**Directions for this task**
Once "Corde 100 % sisal 4 mm 100 m" turns up in a line below, reproduce that line and those after it exactly, stopping after the line with "Selling Music Piano"; leave pictures out.

_ _ _ _

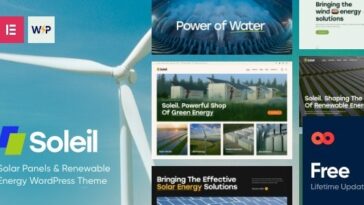 Soleil Solar Panels & Renewable Energy WordPress Theme Nulled Free Download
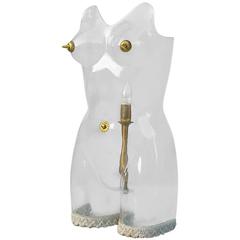 Rare Female Torso Lamp, Mid-20th Century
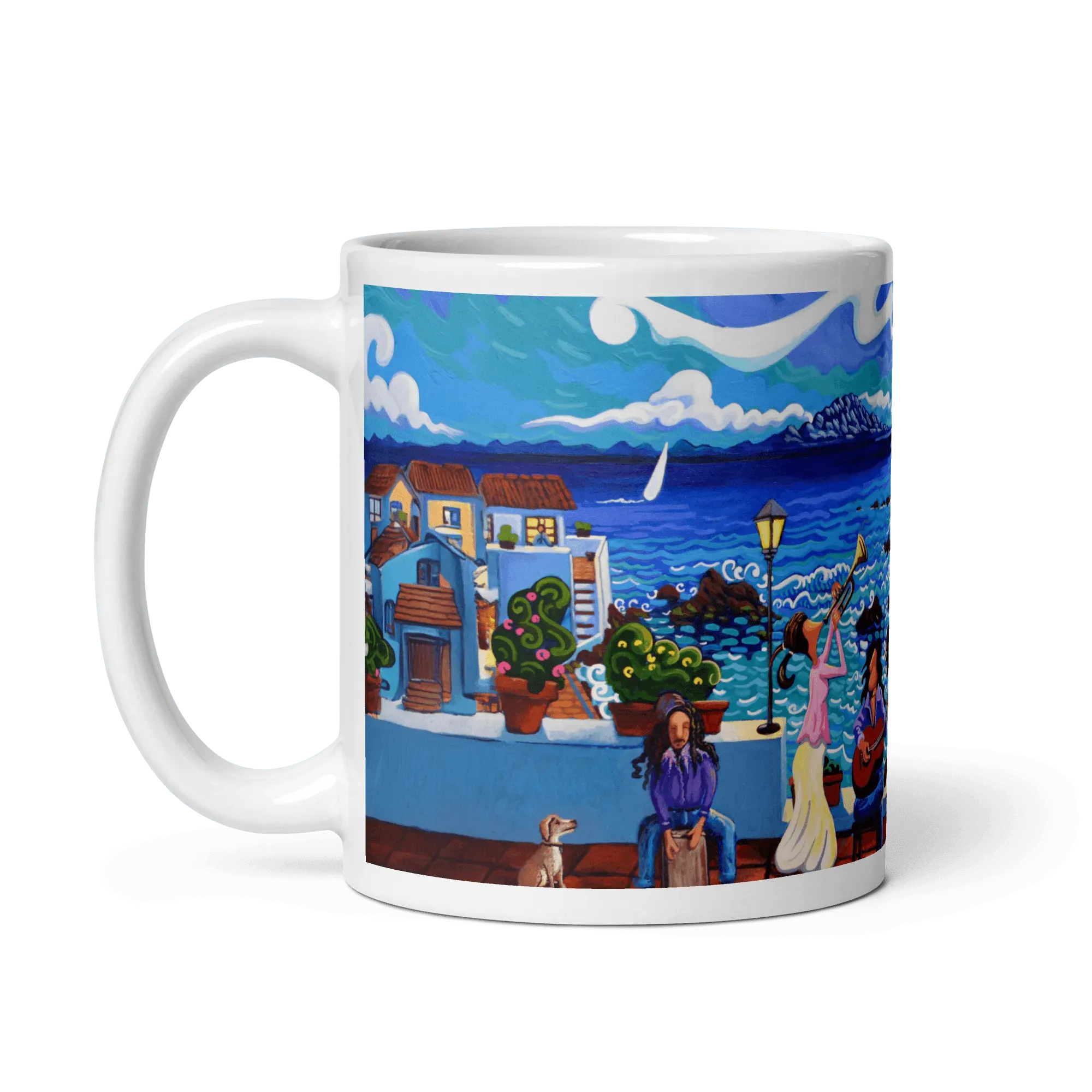 N154 - Mediterranean Serenade - Mug Panorama - Arte Caballero
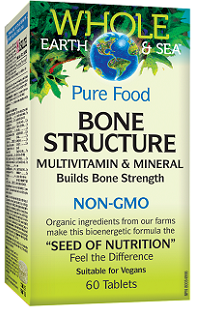 Natural Factors Whole Earth and Sea Bone Structure 60tabs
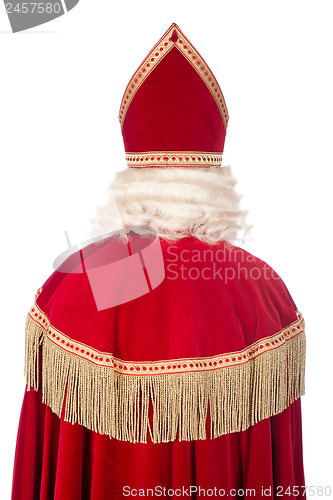 Image of Sinterklaas from the back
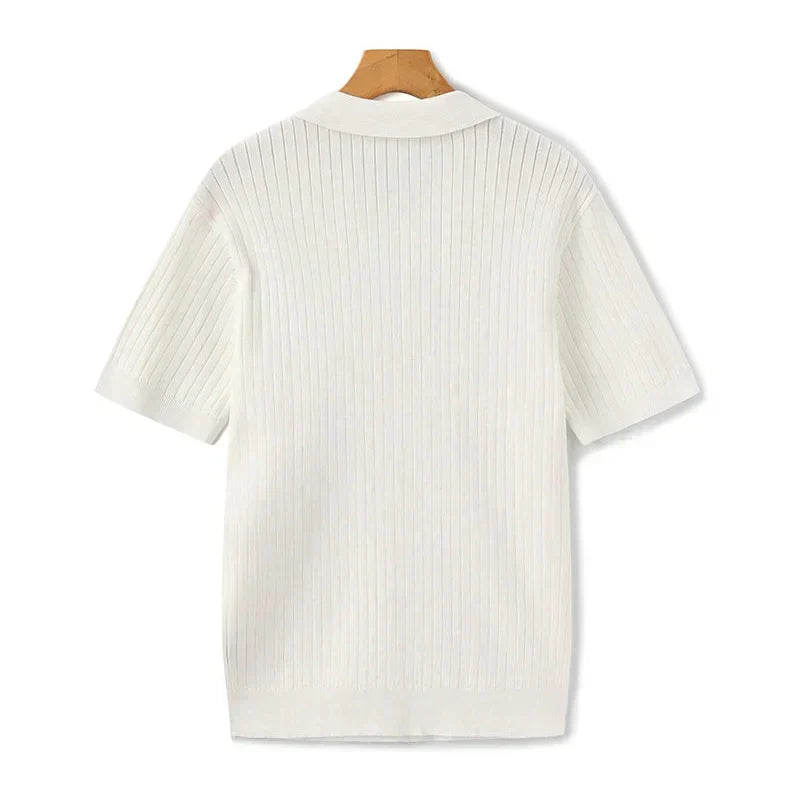 Dimitri - Premium Ribbet Strikket Poloshirt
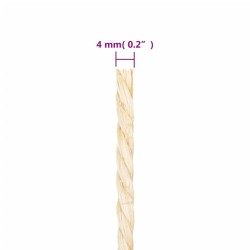 Corde 100 % sisal 4 mm 100 m 
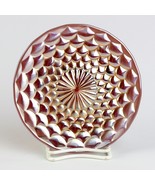 Westmoreland Amethyst Carnival Glass Scales Small Plate, Antique 6 1/4&quot; - £11.74 GBP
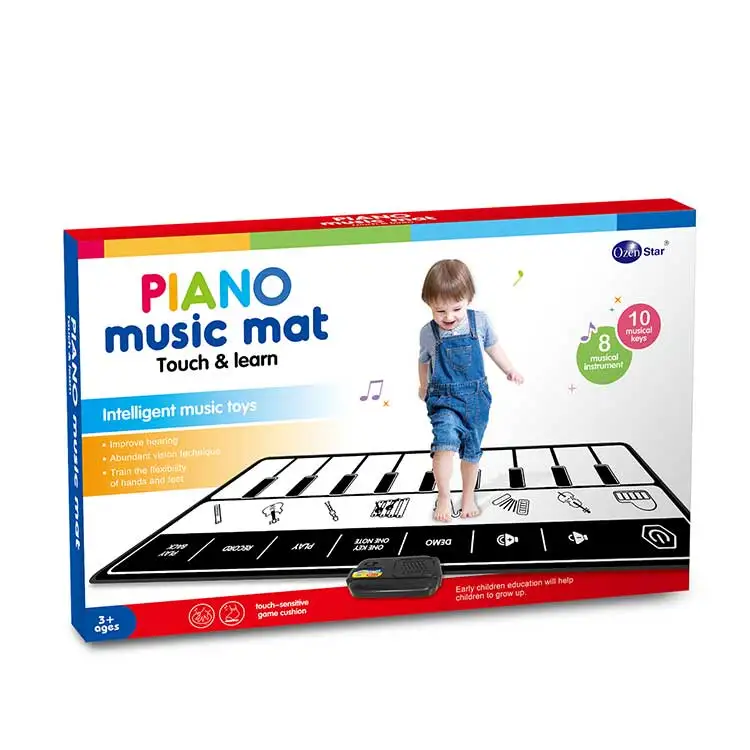 Selling Music Piano Keyboard Dance Mat Carpet Baby Touch Toy Carpet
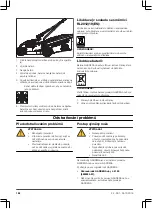 Предварительный просмотр 198 страницы Gardena PowerMax Li-40/32 Operating Instructions Manual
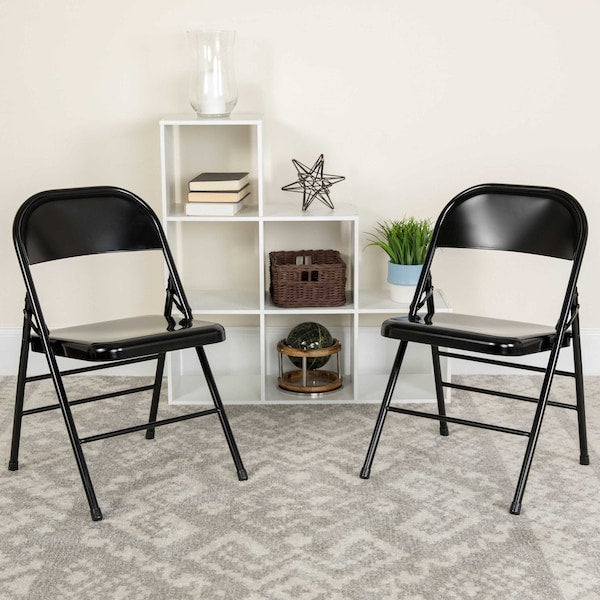 Black Metal Folding Chair
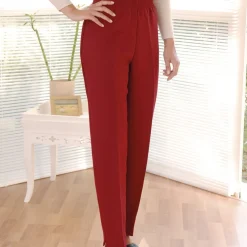 Tempsl Pantalon Classique femme - Noir ou bordeaux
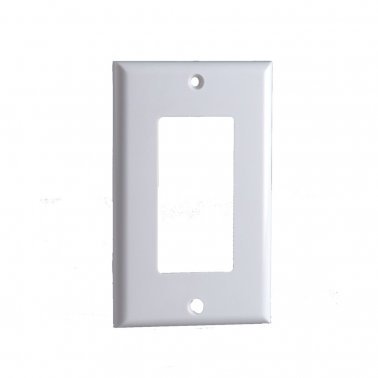 White Decorator Style Cover Plates - 1 Gang, 2 Gang, 3 Gang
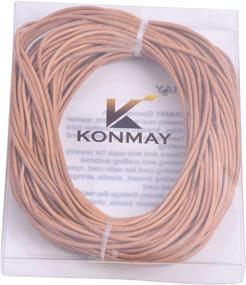 img 1 attached to Кожаный шнур для ювелирных изделий KONMAY - 1 моток, 25 ярдов, 2,0 мм натурального цвета, мягкий круглый кожаный шнур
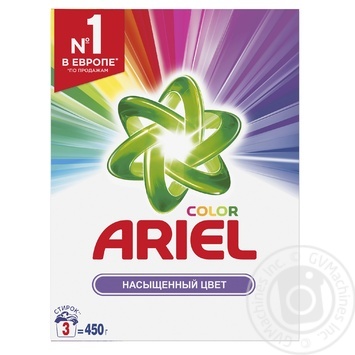 Пральний порошок Ariel Color&Style автомат 450г купити, ціни на МегаМаркет - фото 1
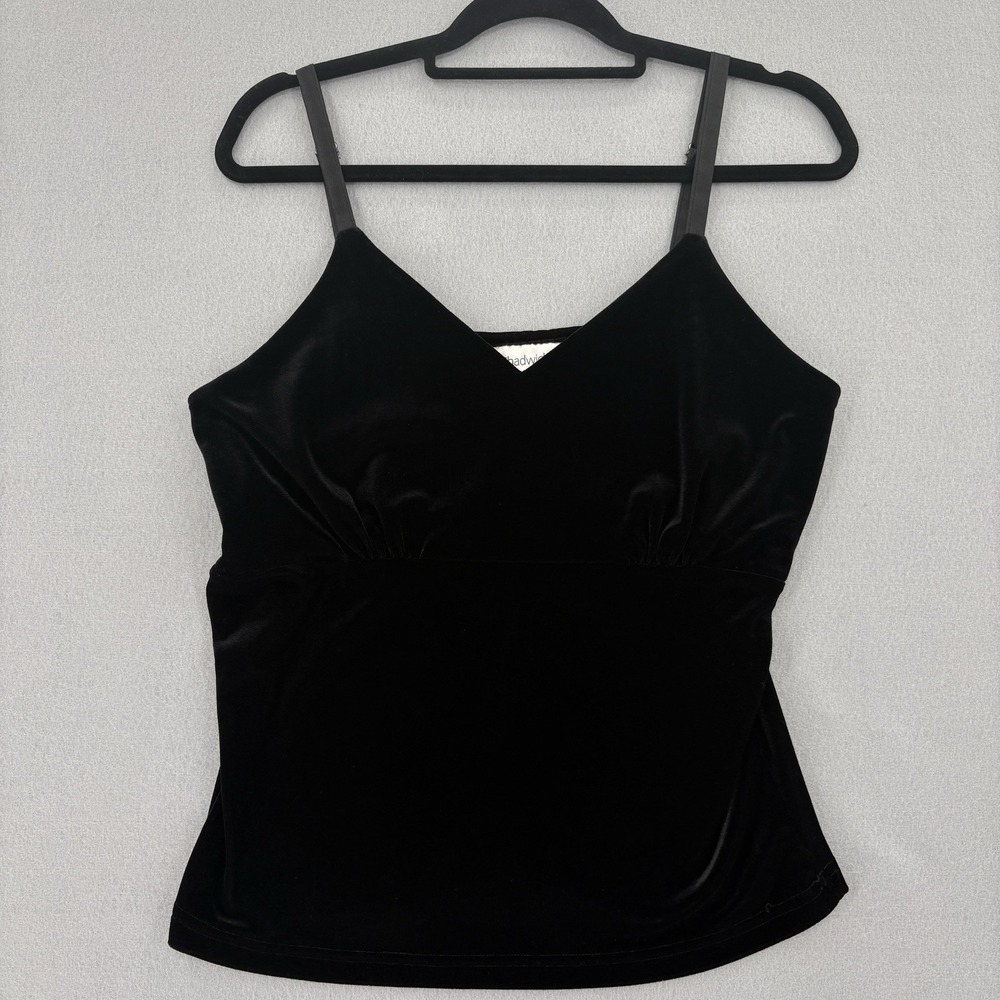 Chadwick's Top Large Cami Tank Velvet Romantic Goth Vamp Glam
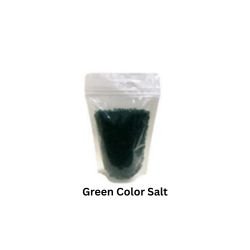 Green Color Salt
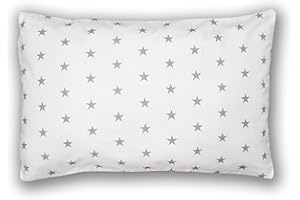 GLOCAL BERLIN Amilian® Dekokissen Kissenbezug Kissen 40cm x 60cm Sternchen weiß (A3)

_ _ _ _

**Task output**
 Corde 100 % sisal 4 mm 100 m 
 Westmoreland Amethyst Carnival Glass Scales Small Plate, Antique 6 1/4&quot; - £11.74 GBP
 Selling Music Piano Keyboard Dance Mat Carpet Baby Touch Toy Carpet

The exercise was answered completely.